Still, as I realized while making my 2013 resolutions, losing two pounds each week this year would put me down to 165 pounds. That would be fantastic. And it's not that crazy of a dream. Yet, I don't want to set a deadline for myself. When I do that, I fail. I have a bad week, panic, decide I'll never catch up, and quit. This time, I'm taking things slowly. I'm trying not to let the bad weeks (like this one) bring me down. It's hard, but I'm serious about this. I'm tired of being fat. And I don't just mean looking fat--I'm tired of my fat trapping me and keeping me from enjoying things I can't do right now. I need to be healthier, and if I have a setback I need to put on my big girl panties and get the fuck over it. Everyone has bad weeks. Okay, I'm opening a bottle of cold water right now and I'm forcing myself to drink it all. It's time to suck it up and get back on track. I'm going to make this a good year! I owe it to myself. It's time. I'm ready.
 
*I know this is super creepy, but my biggest all-time fantasy has been to be in Playboy. That's the fantasy that kept me up at night in high school and college, and even now I catch myself wistfully imagining myself posing nude, stretched out on a faux fur rug with the Playboy photographer and makeup artists swarming around me. But I AM A FEMINIST. I majored in Women's Studies. I've marched in Washington DC for the World March for Women. I hate the thought of women losing their power. I should not be so absorbed with the thought of being objectified like that. But...I do think there's a lot to be said for a woman's capacity for sexual power, and I like to think that the sex industry and feminism are not mutually exclusive. There are many insightful articles, studies, books, and blogs about this, and they all put it more eloquently than I can. Women can use their sexuality and feel empowered. But I still feel dirty about wanting so badly to pose for Playboy. Right this second, I'm fantasizing about losing enough weight (and, of course, magically having taut skin, no stretch marks, still-large perky boobs, etc.) to send in my photos to Hugh. YEAH RIGHT. I'm turning 31 next month, I'm still well over 100 pounds away from a healthy weight, and gravity definitely took its toll on all 304 pounds of me (and it's only going to get worse as I lose my stuffing). But...I can't help but think about it. I promised myself for years (lying awake, crying, swearing that I'd start to work out and eat right the very next day) that I'd be Playboy-ready by the time I turned 30. I think that's one reason why turning 30 was so devastating for me.
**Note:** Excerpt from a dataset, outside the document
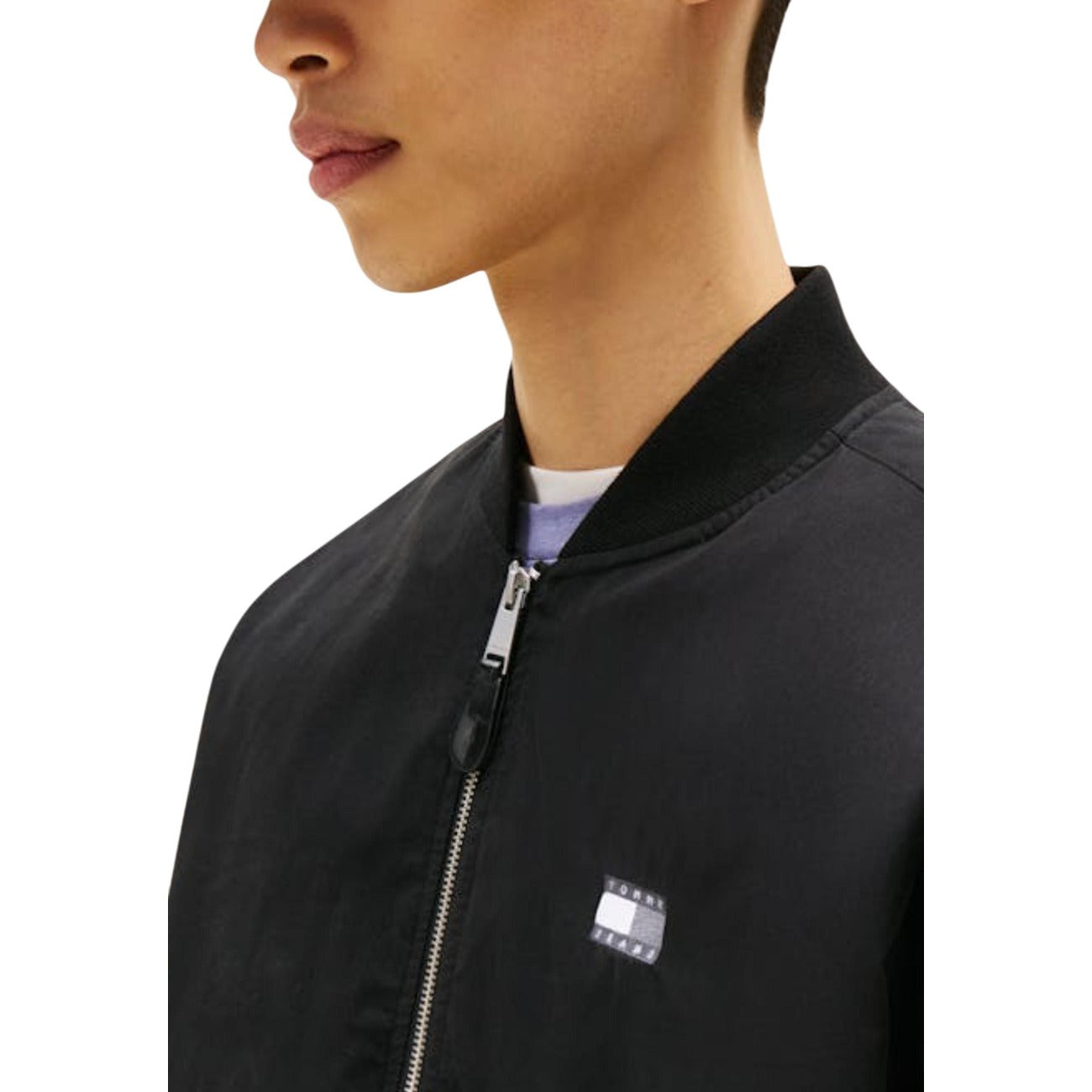 Bomber Tommy Jeans Nero; 85% Cotone Rigenerato. Chiusura a zip, taschino sulla manica, finiture a coste. Logo ricamato, tessuto resistente e sostenibile per la mezza stagione.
All throughout my twenties, I swore I'd lose weight before I hit the big 3-0. And I failed. Just like I failed to lose weight and shock everyone at my ten year high school reunion--another fantasy of mine. But...I guess anything is possible still.  Maybe one day I'll grace those legendary Playboy pages and make women and men stop on my page and trace every curve with their eyes. I'll toss my hair and arch my back and make my parents and my Women's Studies professors die a little inside. Um. Dream big!